> **DATA EXCERPTS**
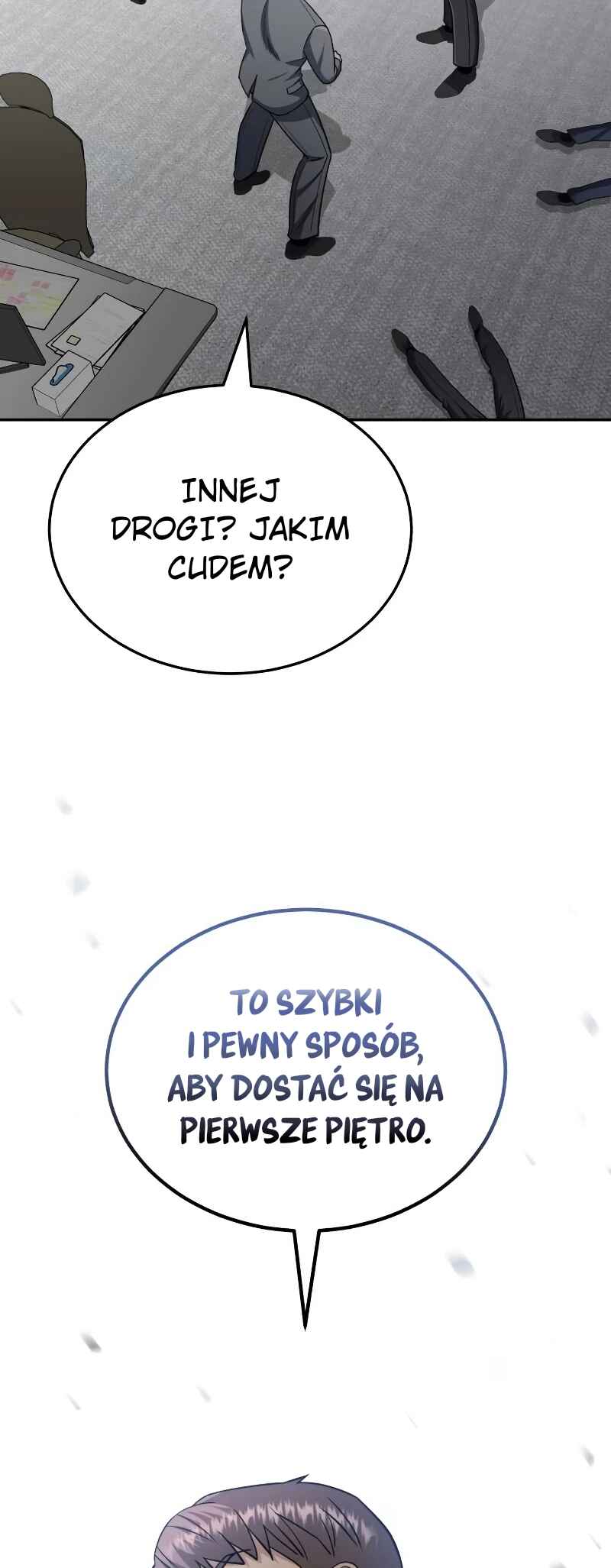 Gyugyeok Oe Hyeoltong Cheonjae Chapter 79 - Page 32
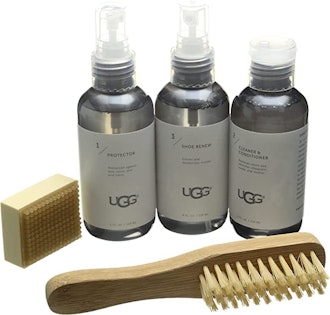 UGG Shoe Care Kit (5 Pieces)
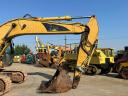 Excavator pe șenile Caterpillar 320C LN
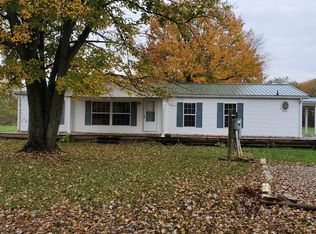 9169 Dade Rd, Lynchburg, OH 45142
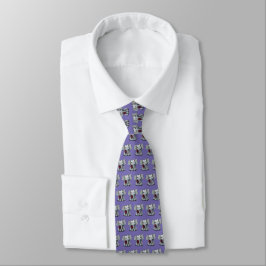 Corbata KiniArt Elephant Tie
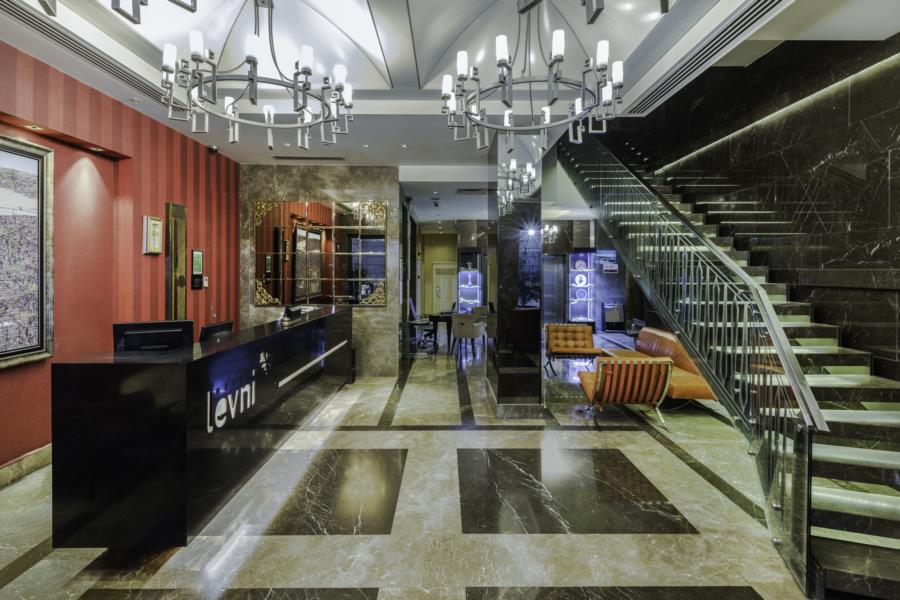 Fotos del hotel - ISTANBUL LEVNI HOTEL AND SPA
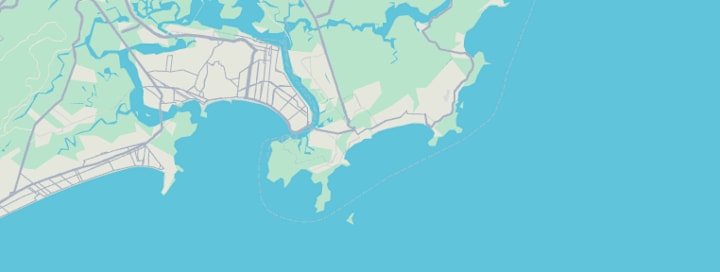 Offices in Guarujá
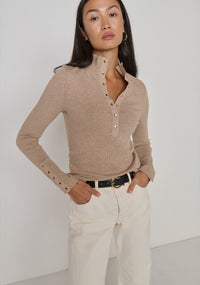 Heather Oatmeal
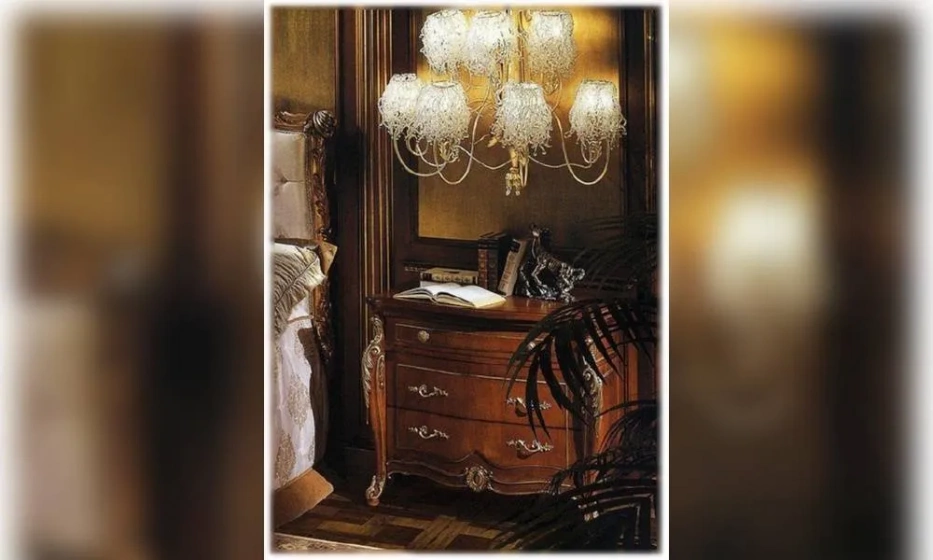 Тумба Прикроватная Angelo Cappellini 10041/B - фото 1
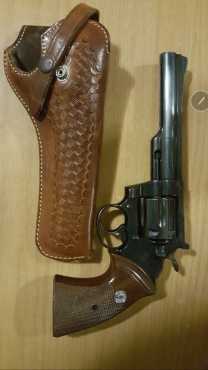 Colt Trooper MKIII 357 Revolwer 6quotbarrel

> **EXERCISE DIRECTIONS**
From the line containing "Fotos del hotel" down to the last line of the entries above, set down every line exactly. Omit all pictures.

> **ANSWER BELOW**
 Fotos del hotel - ISTANBUL LEVNI HOTEL AND SPA
 Offices in Guarujá
 Heather Oatmeal
 Тумба Прикроватная Angelo Cappellini 10041/B - фото 1
 Colt Trooper MKIII 357 Revolwer 6quotbarrel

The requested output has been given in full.